- Born: 21 October 1874 Scarborough, North Yorkshire
- Died: 24 July 1942 (aged 67) London
- Occupation: Architect
- Spouse: Mary Emily Welburn
- Awards: Royal Gold Medal
- Practice: Russell & Cooper (c. 1900–1912) Wills & Cooper (1918–1942)
- Buildings: 10 Trinity Square

= Edwin Cooper (architect) =

English architect

Sir Thomas Edwin Cooper (21 October 1874 – 24 July 1942) was an English architect. His work has been described as "essentially Classical, and sometimes powerfully Baroque."

== Personal life ==

Cooper was born in Scarborough, North Yorkshire, the son of Samuel Cooper, a local carriage proprietor. He married Mary Emily Welburn in 1898.

== Career ==

Cooper's mother recognised his interest in buildings and talent in drawing them, and at a young age was apprenticed to local architects John Hall and Frank Tugwell from 1885 to 1889. Cooper subsequently worked as an assistant for Walter Green Penty, Demaine and Brierley, and Goldie, Child and Goldie. In 1893, he returned to Scarborough to re-join John Hall, and along with Herbert Davis, formed Hall, Cooper and Davis.

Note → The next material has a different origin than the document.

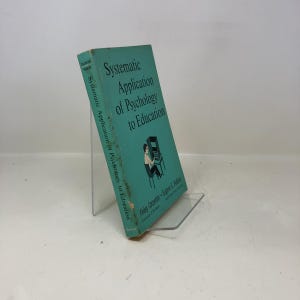 以下が含まれることがあります： 「Systematic Application of Psychology to Education」というタイトルのヴィンテージ本。ターコイズブルーの表紙で、コンピューターの前にいる人のグラフィックが特徴です。本は透明なスタンドに立てかけられています。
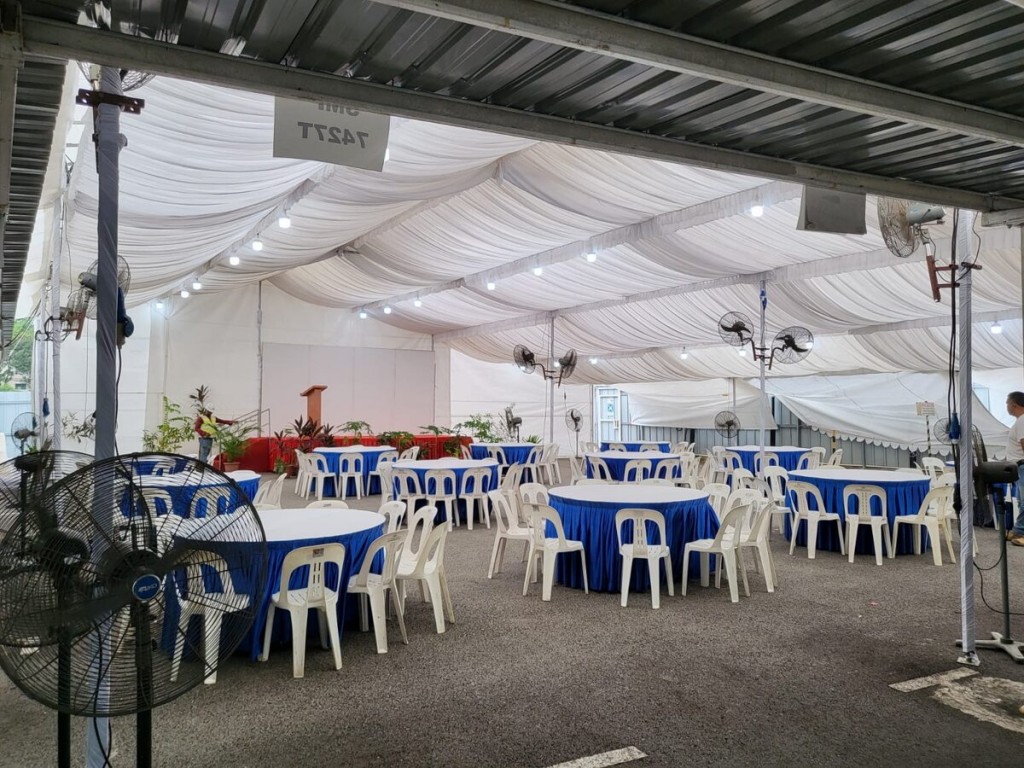 indoor tent event with blue-skirted round tables and white plastic chairs, draped ceiling, standing fans, empty venue before guests arrive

The firm opened a London office in 1895, but Cooper continued to work independently as well. Cooper was particularly adept at winning competitions, and several of his commissions, including the Royal Star and Garter Home, Hull's Guildhall and Lloyd's were derived in this way. In the early 1900s Cooper entered into partnership with Samuel Bridgman Russell, however this partnership ended in 1912. Cooper entered into partnership with Herbert Winkler Wills and John Anderson from 1918.

Cooper went on to design Marylebone Town Hall and Library, the headquarters of the Port of London Authority (at 10 Trinity Square) and the offices of Lloyd's, Leadenhall Street. He also designed the war memorial at Cranleigh School in 1921 and subsequently the substantial Connaught Block and Devonport Speech Hall (1930).

Cooper was elected a Fellow of the Royal Institute of British Architects in 1903, and was knighted for his work in 1923. On 24 April 1930 Cooper was elected an Associate Member of the Royal Academy of Arts and on 22 April 1937 he was elected a Royal Academician. In 1931 he received further distinction when he was awarded the Royal Gold Medal for architecture by the Royal Institute of British Architects. Cooper was a member of the Council of the Royal Academy of Arts from 1938 to 1939 and from 1941 to 1942. Cooper was made Treasurer of the Royal Academy of Arts on 5 December 1940.

He died of a heart attack on 24 June 1942, whilst at work in London as the Treasurer of the Royal Academy of Arts.